In Defense of Distributed Systems: Why Amazon's Move Won't Change Everything
Mukesh Lagadhir
We help startups and SMEs save 100,000’s of $$ in technology cost | Startup Success Catalyst | Startup Mentor
Amazon recently shared a success story about their transition from a distributed microservices architecture to a monolith application. According to Amazon, this change helped them achieve higher scale, resilience, and reduce costs. However, this success story is not a one-size-fits-all approach, and distributed systems still have many use cases where they can be more beneficial than monolith applications.
Amazon's Video Quality Analysis (VQA) team set up a tool to monitor every stream viewed by customers, which helps automatically identify perceptual quality issues, such as block corruption or audio/video sync problems, and trigger a process to fix them. The initial version of their service was designed as a distributed system using serverless components like AWS Step Functions and AWS Lambda, which allowed them to build the service quickly. In theory, this would allow them to scale each service component independently. However, the way they used some components caused them to hit a hard scaling limit at around 5% of the expected load. Also, the overall cost of all the building blocks was too high to accept the solution at a large scale.
The main scaling bottleneck in the architecture was the orchestration management that was implemented using AWS Step Functions. Their service performed multiple state transitions for every second of the stream, so they quickly reached account limits. Besides that, AWS Step Functions charged users per state transition.
The second cost problem they discovered was about the way they were passing video frames (images) around different components. To reduce computationally expensive video conversion jobs, they built a microservice that splits videos into frames and temporarily uploads images to an Amazon Simple Storage Service (Amazon S3) bucket.

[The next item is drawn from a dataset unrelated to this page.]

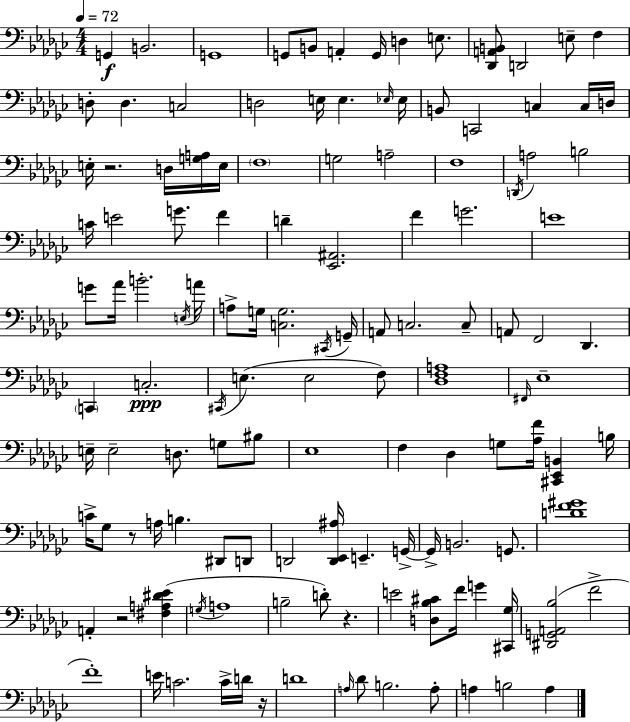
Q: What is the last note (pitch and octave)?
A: A3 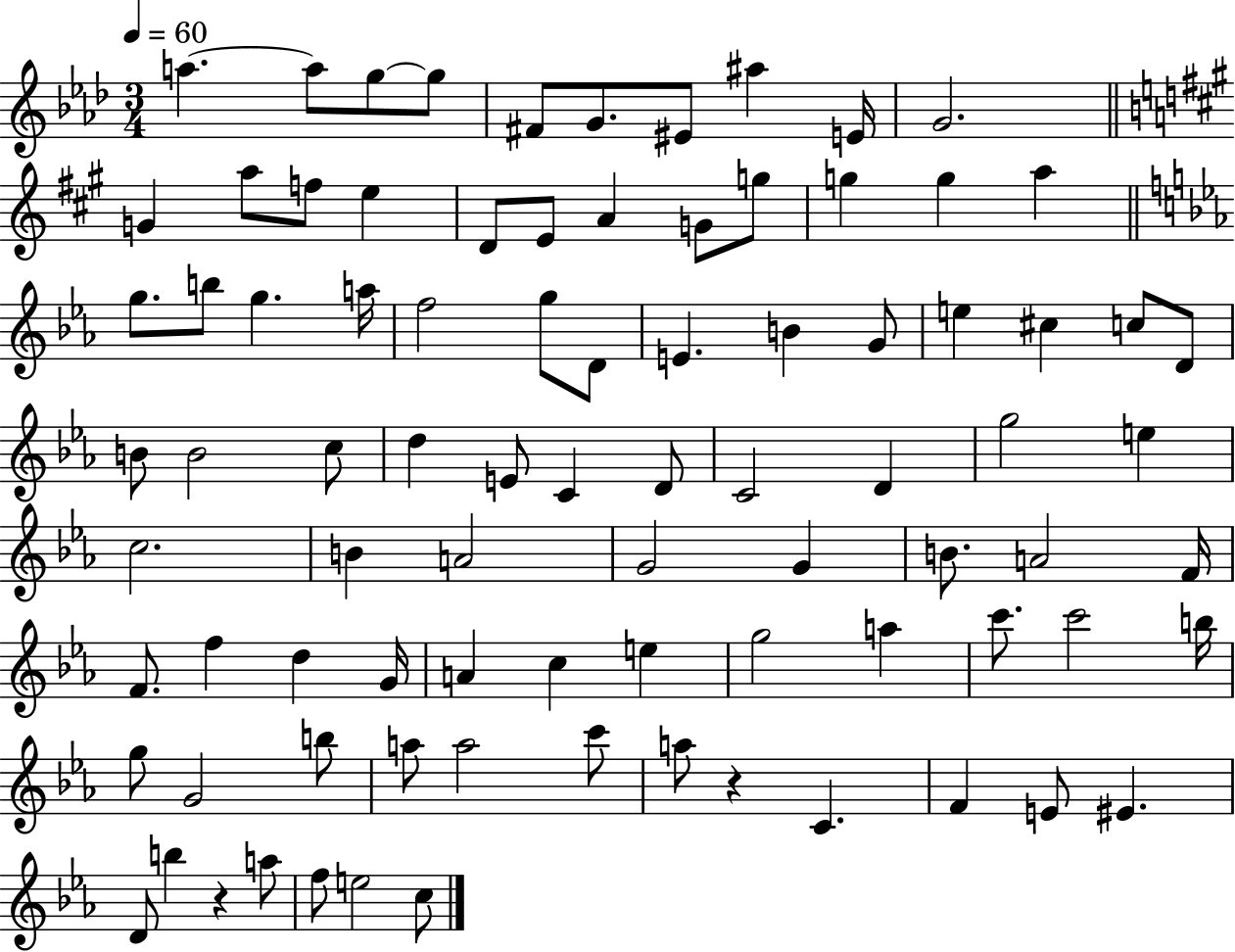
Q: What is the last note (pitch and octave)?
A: C5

Defect detectors (where each of them also runs as a separate microservice) then download images and processed them concurrently using AWS Lambda. However, the high number of Tier-1 calls to the S3 bucket was expensive.
To address the bottlenecks, they initially considered fixing problems separately to reduce cost and increase scaling capabilities. However, they then decided to re-architect their infrastructure because they realized that the distributed approach wasn't bringing a lot of benefits in their specific use case. They packed all of the components into a single process, eliminating the need for the S3 bucket as the intermediate storage for video frames because their data transfer now happened in memory. They also implemented orchestration that controls components within a single instance.

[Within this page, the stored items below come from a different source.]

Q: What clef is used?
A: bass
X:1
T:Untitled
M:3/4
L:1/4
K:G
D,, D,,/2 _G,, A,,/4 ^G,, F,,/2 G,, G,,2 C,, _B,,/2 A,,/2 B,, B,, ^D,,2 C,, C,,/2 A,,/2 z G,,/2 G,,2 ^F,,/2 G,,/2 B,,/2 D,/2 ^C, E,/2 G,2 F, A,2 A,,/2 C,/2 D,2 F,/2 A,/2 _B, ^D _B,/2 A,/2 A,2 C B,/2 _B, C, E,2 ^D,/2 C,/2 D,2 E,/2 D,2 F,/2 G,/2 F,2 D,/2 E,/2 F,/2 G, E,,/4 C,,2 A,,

Conceptually, the high-level architecture remained the same. They still have exactly the same components as they had in the initial design, such as media conversion, detectors, or orchestration. This allowed them to reuse a lot of code and quickly migrate to a new architecture. In the initial design, they could scale several detectors horizontally, as each of them ran as a separate microservice. However, in their new approach, the number of detectors only scales vertically because they all run within the same instance.

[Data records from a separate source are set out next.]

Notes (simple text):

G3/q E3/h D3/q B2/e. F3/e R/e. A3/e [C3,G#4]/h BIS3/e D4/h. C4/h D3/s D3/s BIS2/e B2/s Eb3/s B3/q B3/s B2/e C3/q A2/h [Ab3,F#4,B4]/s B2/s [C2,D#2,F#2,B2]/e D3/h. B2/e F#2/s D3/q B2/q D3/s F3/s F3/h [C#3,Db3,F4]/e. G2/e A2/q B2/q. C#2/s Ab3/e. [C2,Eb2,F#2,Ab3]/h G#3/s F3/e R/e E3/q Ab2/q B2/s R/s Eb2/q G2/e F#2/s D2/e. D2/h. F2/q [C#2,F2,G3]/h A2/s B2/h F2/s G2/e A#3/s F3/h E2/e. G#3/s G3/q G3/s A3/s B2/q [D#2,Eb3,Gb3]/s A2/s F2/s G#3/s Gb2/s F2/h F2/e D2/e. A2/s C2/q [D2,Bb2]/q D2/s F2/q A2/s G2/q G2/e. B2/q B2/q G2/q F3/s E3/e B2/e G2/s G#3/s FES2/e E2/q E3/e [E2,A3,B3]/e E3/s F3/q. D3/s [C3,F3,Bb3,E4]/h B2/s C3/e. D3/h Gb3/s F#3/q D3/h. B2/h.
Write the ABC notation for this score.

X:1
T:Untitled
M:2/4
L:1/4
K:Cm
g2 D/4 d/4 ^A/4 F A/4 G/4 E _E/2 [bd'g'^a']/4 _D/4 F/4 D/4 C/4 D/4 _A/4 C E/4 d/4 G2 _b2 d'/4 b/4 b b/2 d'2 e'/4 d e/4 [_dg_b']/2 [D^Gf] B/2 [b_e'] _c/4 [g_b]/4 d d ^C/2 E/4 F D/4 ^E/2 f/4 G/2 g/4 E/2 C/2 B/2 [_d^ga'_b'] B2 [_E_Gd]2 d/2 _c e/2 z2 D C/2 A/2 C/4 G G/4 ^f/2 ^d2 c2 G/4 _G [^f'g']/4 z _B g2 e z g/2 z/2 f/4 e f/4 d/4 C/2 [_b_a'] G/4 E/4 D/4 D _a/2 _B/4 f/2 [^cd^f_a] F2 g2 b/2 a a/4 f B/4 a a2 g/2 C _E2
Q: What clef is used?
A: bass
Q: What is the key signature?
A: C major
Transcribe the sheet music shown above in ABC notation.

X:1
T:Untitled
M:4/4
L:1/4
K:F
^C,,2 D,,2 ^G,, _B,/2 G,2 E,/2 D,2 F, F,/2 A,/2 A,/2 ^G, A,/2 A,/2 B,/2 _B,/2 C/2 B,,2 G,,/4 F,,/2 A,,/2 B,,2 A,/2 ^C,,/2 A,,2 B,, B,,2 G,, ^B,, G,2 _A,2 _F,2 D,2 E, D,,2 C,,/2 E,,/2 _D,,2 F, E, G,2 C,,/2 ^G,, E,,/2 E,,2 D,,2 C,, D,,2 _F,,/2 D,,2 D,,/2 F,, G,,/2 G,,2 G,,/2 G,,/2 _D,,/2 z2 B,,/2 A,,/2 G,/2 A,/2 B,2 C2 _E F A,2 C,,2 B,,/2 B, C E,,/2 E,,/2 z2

While Amazon's transition to a monolith application helped them achieve higher scale, resilience, and reduce costs in this specific use case, it is important to remember that distributed systems still have many use cases where they can be more beneficial than monolith applications.
Scaling Applications with Distributed Systems
Scalability is one of the primary reasons why distributed systems are still widely used today. As applications grow in size and complexity, it becomes increasingly difficult for a single server or database to handle the workload. Distributed systems provide a solution to this problem by allowing resources to be spread across multiple servers. This approach makes it possible to handle larger volumes of traffic, resulting in improved application performance.
Consider a large e-commerce platform that experiences a surge in traffic during holiday seasons. Using a distributed system, the platform can handle the increased traffic by spreading the load across multiple servers, ensuring that the site remains responsive to users even during peak periods. Without a distributed system, the platform may experience downtime or slow response times, resulting in frustrated customers and lost revenue.
Ensuring High Availability with Distributed Systems
One of the significant advantages of distributed systems is their ability to maintain uptime in the face of hardware or network failures. By replicating data across multiple servers and using redundancy techniques, distributed systems can continue to function even if individual nodes fail. This approach provides a high level of fault tolerance, ensuring that applications remain available even in the event of a hardware or network failure.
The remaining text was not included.